I think he'll be over, but not by much. If he broke 42%, I 'd be shocked unless he's taking less than ten shots a game.


----------



## Cam*Ron (Apr 13, 2003)

> Originally posted by <b>.</b>!
> dont be surprise he become the highest scoring rookie in the history of the nba !!!!!!!


so he's going to have better scoring numbers than allen iverson, jordan, duncan, shaq, or elton brand as a rookie?:laugh: :laugh:


----------



## TyGuy (Apr 19, 2003)

Why dont we just wait and let LeBron have a hcance to prove the doubters wrong.


----------



## Tom (Jul 15, 2002)

i wish him well...to succeed in this environment(12, 5.5 and 3.5) would be a great achievement in my book. That may be asking to much...but he will get the ball so much his #s should be slightly inflated.


----------



## 7thwatch (Jul 18, 2002)

> Originally posted by <b>Bunk 22</b>!
> so he's going to have better scoring numbers than allen iverson, jordan, duncan, shaq, or elton brand as a rookie?:laugh: :laugh:


Yeah really, not to mention guys like Wilt the Stilt who has them all beat.


----------



## 7thwatch (Jul 18, 2002)

Over, btw


----------



## Lope31 (Jun 11, 2002)

I think LBJ will be over 40 percent easily...


----------



## Cam*Ron (Apr 13, 2003)

If he works on his shot and works in Coach Silas' offense, I say over 40%.


----------



## AstheFranchiz2K2 (May 24, 2003)

will he get over 6 assists a game?

over or under


----------



## Ballscientist (Nov 11, 2002)

he shots 44% against high school defender.

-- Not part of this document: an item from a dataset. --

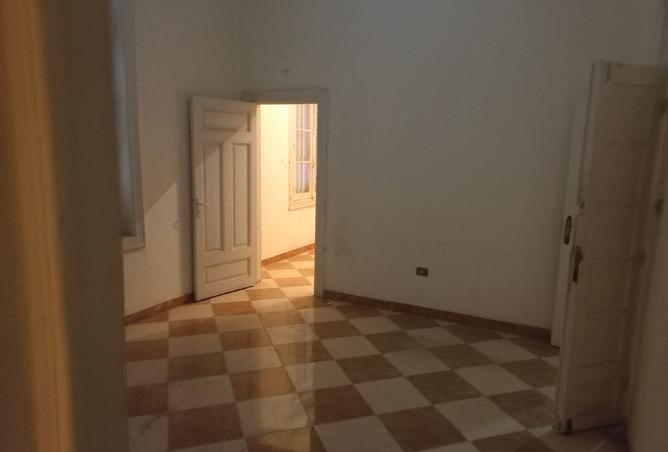 8032912 - Property Image 2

FG 38% is reasonable prediction


----------



## Cam*Ron (Apr 13, 2003)

If Coach Silas runs the offense through I think we can safely say 4 assists a game.
So under.


----------



## TMOD (Oct 12, 2002)

I agree with Bunk. Ballscientist...I think with less pressure on him to score, and less extensive defensive coverage, he will be able to score at a decent percentage, unless he shoots from the perimeter too much. I'll guess 41.5%, for now.


----------



## futuristxen (Jun 26, 2003)

Over 6 assists. Not by much though. I think he'll get about 6 or 7 assists per game. Which is fantastic for his first year at point.

He's got a lot of guys around him who willl be more than happy to recieve his passes and put it in the basket.


----------